This section is relevant if you are raising venture capital. Unlike VC-backed startups, bootstrapped companies are not as reliant on growth. A profitable small business might have zero competitive advantage and never think about building moats or expanding outside of a tiny niche and still be making bank for its owners. In contrast, VC-backed startups need to grow at all costs to be worth it.

VC’s always ask about market size and competition, and I had a reasonable answer for this. Our market size was small but growing. We would expand out of this market through new products on our roadmap. The thing we didn’t realize is that we needed to be a product driven company, and we weren’t anymore. After the Series A, I focused on hitting quarterly sales goals and we all believed we could do that without product innovation or market expansion, because product only impacts things longer term. Driven mainly by fear of failure, I was not thinking longer term than the next funding round and board meetings were lasered in on short term quarterly targets. 

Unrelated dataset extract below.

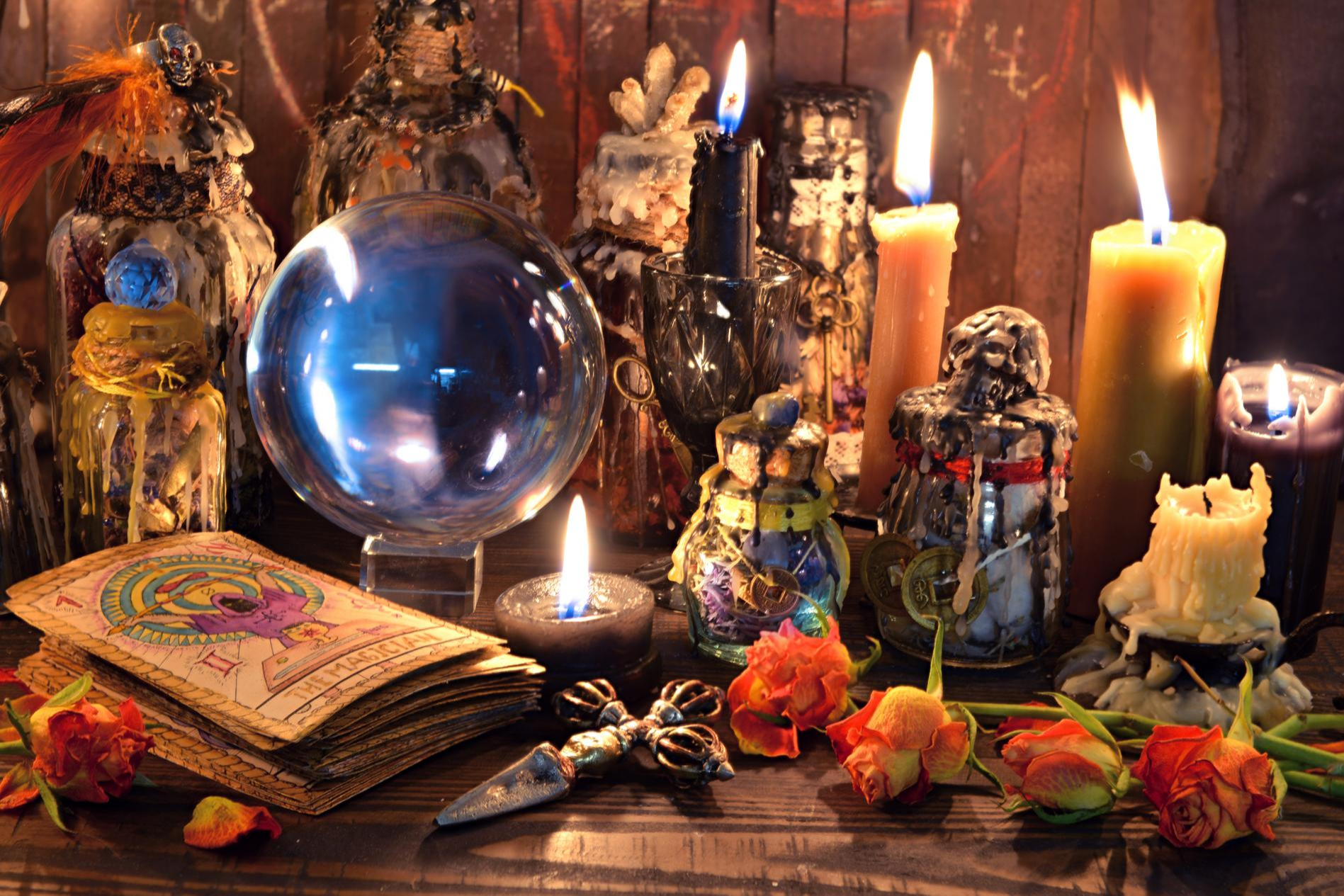 El Tarot de Luz María asegura que el Tarot Luz de Luna gana posiciones en el terreno digital y se considera una de las opciones mejor valoradas en el mercado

However, in a small/ developing market, you can’t hit the next sales goal by pouring money into marketing. Our market wasn’t so small that we couldn’t hit our next sales goal with our existing products, but it was small enough that increasing costs on sales and marketing didn’t get us anywhere. The “gas on the flame” model is what everyone assumed we should follow, and it’s what you basically have to follow if you want to grow exponentially in the way the VC model demands. If the market is large enough, then pushing additional marketing dollars into it gets you more leads for longer, but if the market is small, additional money stops working too fast. In that situation, strategies that work for big markets don’t work for a small but growing market because it’s not just a matter of more marketing dollars, automation, or SDR’s. We tried these things, and frustrated a bunch of SDR’s and marketers who thought it’d be easy but then realize they couldn’t hit the goals they’d set for themselves. When people are scared to miss goals, they want to blame the other legs of the org, leadership, etc. 

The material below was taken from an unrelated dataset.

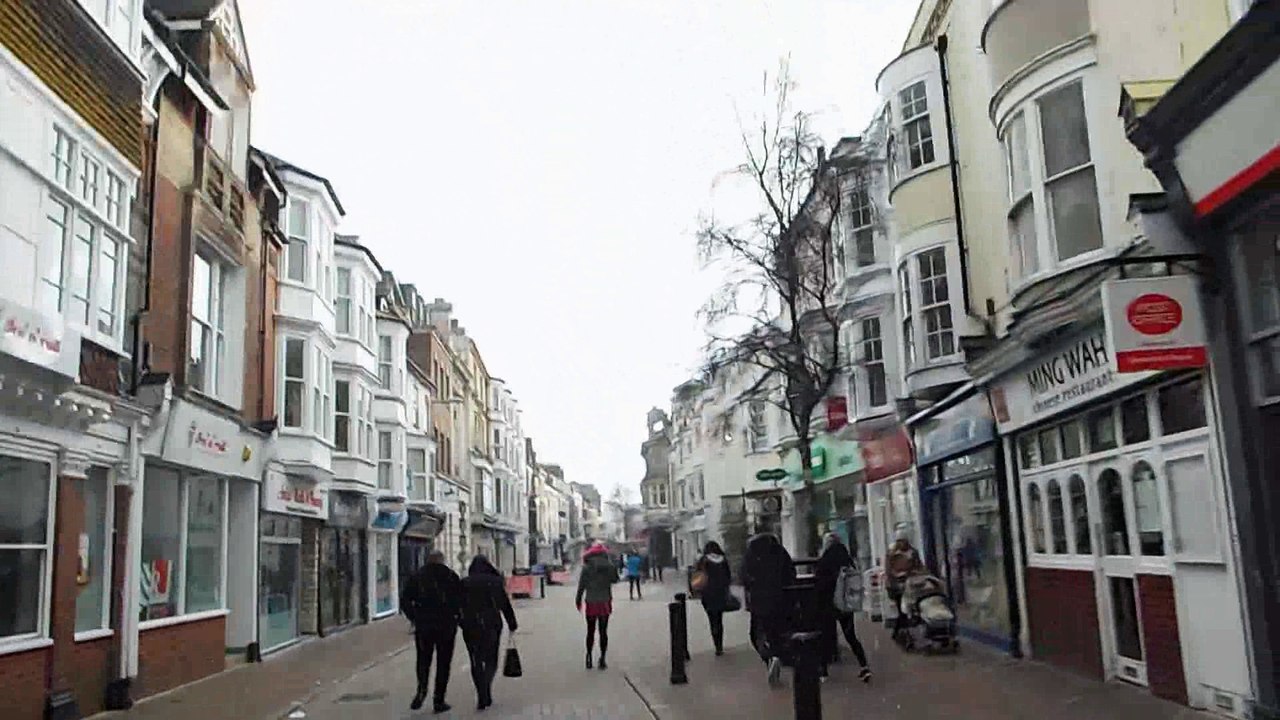 Snowing in Weymouth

We always pitched that we’d expand out of our market, and this is plausible and what we attempted to do, but we didn’t do it successfully. Although our core product was still the best, it was no longer 10x better. We had to come up with another product but we were already a company with an established product that was hard to maintain, and the magic that came with the first versions of the product wasn’t in our DNA anymore. Only a few people on the team even still remembered the days when we’d release mind blowing features that were obviously patentable, made our customers say, “Wait, how did you do that?” and force our competitors to freak out and start rewriting everything.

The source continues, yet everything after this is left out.